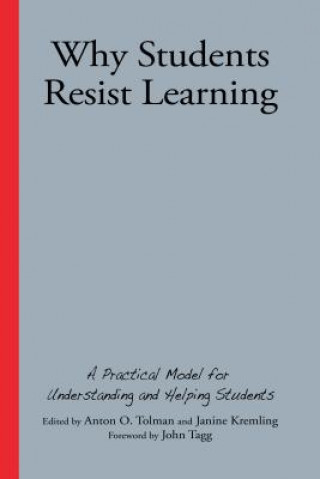 Kniha Why Students Resist Learning Anton O. Tolman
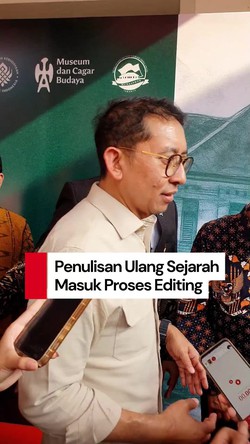 Video Fadli Zon soal Penulisan Ulang Sejarah: Sudah Proses Editing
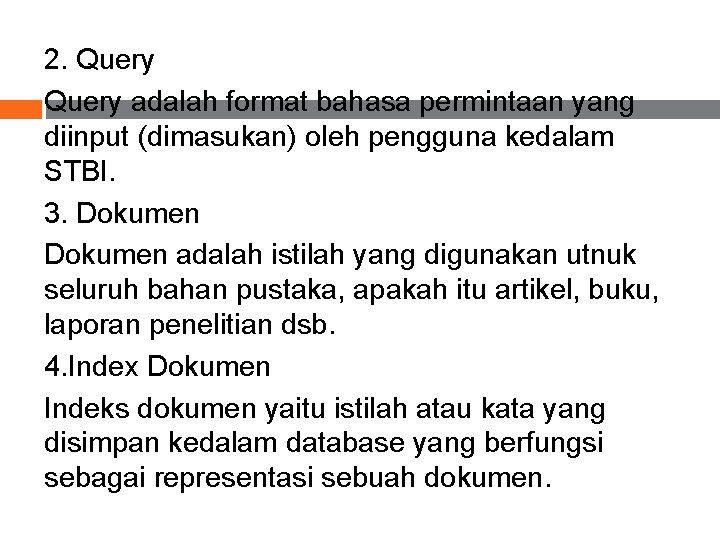 2. Query adalah format bahasa permintaan yang diinput (dimasukan) oleh pengguna kedalam STBI. 3.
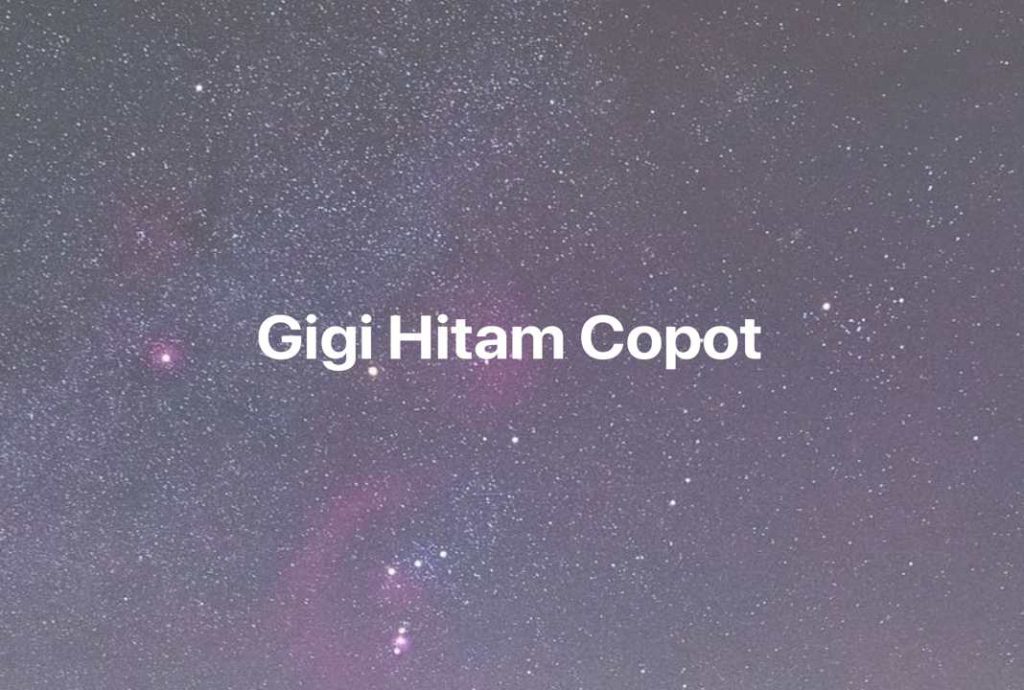 Gambar Mimpi Gigi Hitam Copot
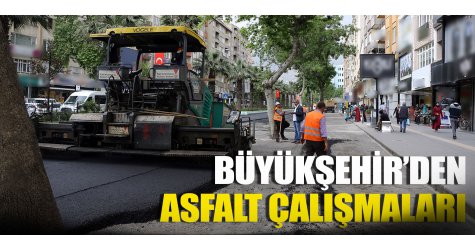 Büyükşehir’den asfalt çalışmaları
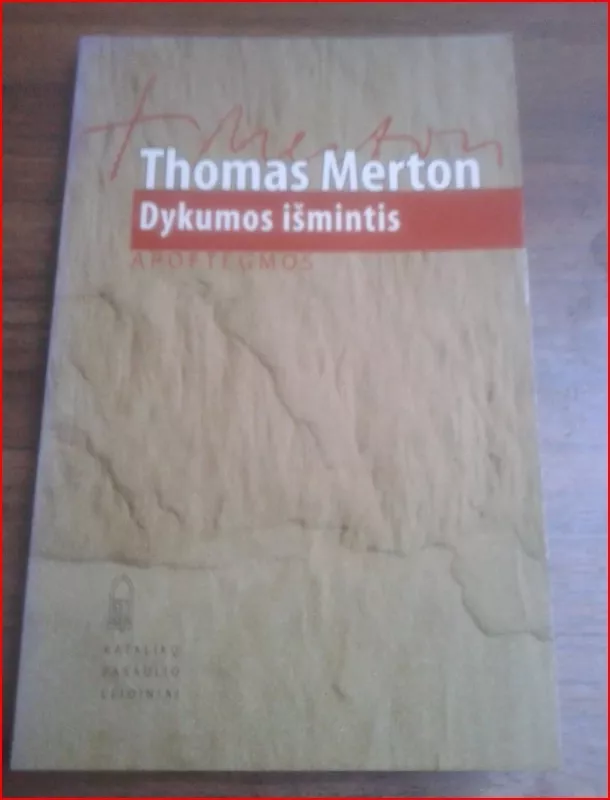 Dykumos išmintis. Apoftegmos - Thomas Merton, knyga 2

#####

Transcribe every entry exactly. Leave out the pictures.

 Kniha Why Students Resist Learning Anton O. Tolman
 Video Fadli Zon soal Penulisan Ulang Sejarah: Sudah Proses Editing
 2. Query adalah format bahasa permintaan yang diinput (dimasukan) oleh pengguna kedalam STBI. 3.
 Gambar Mimpi Gigi Hitam Copot
 Büyükşehir’den asfalt çalışmaları
 Dykumos išmintis. Apoftegmos - Thomas Merton, knyga 2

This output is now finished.